The Pickwick Papers was the next book in my attempt to read all of the works of Charles Dickens. I think that the importance of this book lies primarily in its popularity at the time it was written, its humor, and its foreshadowing of Dickens' later works.

Its popularity (not just in Britain, but all over the world) at the time of its publication is nothing short of phenomenal. At it's height, it sold 40,000 copies a month. And it continues to be popular today, along with his later works such as A Tale of Two Cities, Great Expectations, and David Copperfield. Without the success of The Pickwick Papers, we may have never had the later masterful works that defined Charles Dickens as THE premier Victorian novelist.

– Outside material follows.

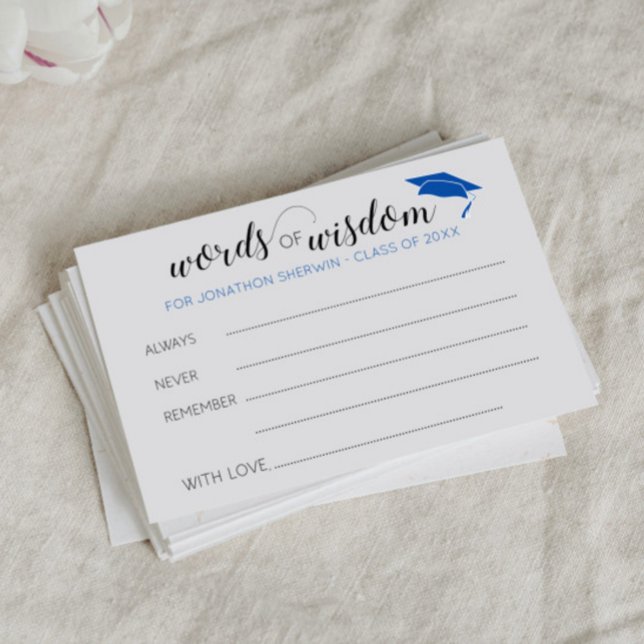 Tarjeta De Consejos Palabras azules de consejos de sabiduría para grad (Subido por el creador)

If you had to define this novel in one word it would be "hilarious". Dickens' wit and irony are here in full force. I had to be careful when I was reading this at work, because I would find myself laughing out loud and my co-workers wondered what on earth was so funny. Of course, there are some jokes that aren't quite as funny to us as they were to Dickens' original audience. Time and culture changes have caused some of them to fade. But there is plenty to keep the reader in stitches for most of its 56 chapters. Don't believe me? Check out this little poem ("Ode to an Expiring Frog") found in Chapter 15:

Can I view thee panting, lying
On thy stomach, without sighing;
Can I unmoved see they dying
On a log,
Expiring frog!

Say, have fiends in shape of boys,
With wild hallo, and brutal noise,
Hunted thee from marshy joys,
With a dog,
Expiring frog!

To me, the most fascinating things about this novel are the many foreshadowings of Dickens' later works. Though perhaps not as polished as the masterpieces, Dickens' style is familiar and well-done. Anyone who has read even one other work by Dickens should be able to pick up The Pickwick Papers without knowing the author, and within a few chapters know that this is a Dickens novel. The characters, though unique, remind us of the many eccentric characters to come. Other major Dickens themes such as the unjustness of the court system (seen again in Bleak House) and the inhumane debtors' prisons (seen in Little Dorrit) make appearances here as well, though in a more comedic fashion than in later works. But one of the most striking similarities is found in "The Story of the Goblins Who Stole a Sexton", which shares many elements with Dickens' most famous work: A Christmas Carol.

None of this is to say that The Pickwick Papers is Dickens' best work. It tends to drag in the beginning, not really hitting its stride until the appearance of Samuel Weller in Chapter 10. In fact, I would say that Dickens wouldn't have had much success in this work without this lovable, hilarious cockney. And the 56 Chapters (848 pages in one edition) can seem rather daunting at times. Nevertheless, I feel that this is a must read for anyone who likes Dickens or great Victorian literature. And it deserves our love and admiration, if for no other reason than it introduced the world to the hero of great literature for the common man. I know Mr. Pickwick would be very proud of this.

The Movie:

There are two movie versions of this story. The first was made in 1952 and starred James Hayter, James Donald, Lionel Murton and Alexander Gauge as the four Pickwick Club members.

The second version was made by the BBC in 1985 and stars Nigel Stock, Clive Swift, Alan Parnaby and Jeremy Nicholas.

I haven't seen either version, but many of the reviews I have read say that both versions are adequate and enjoyable.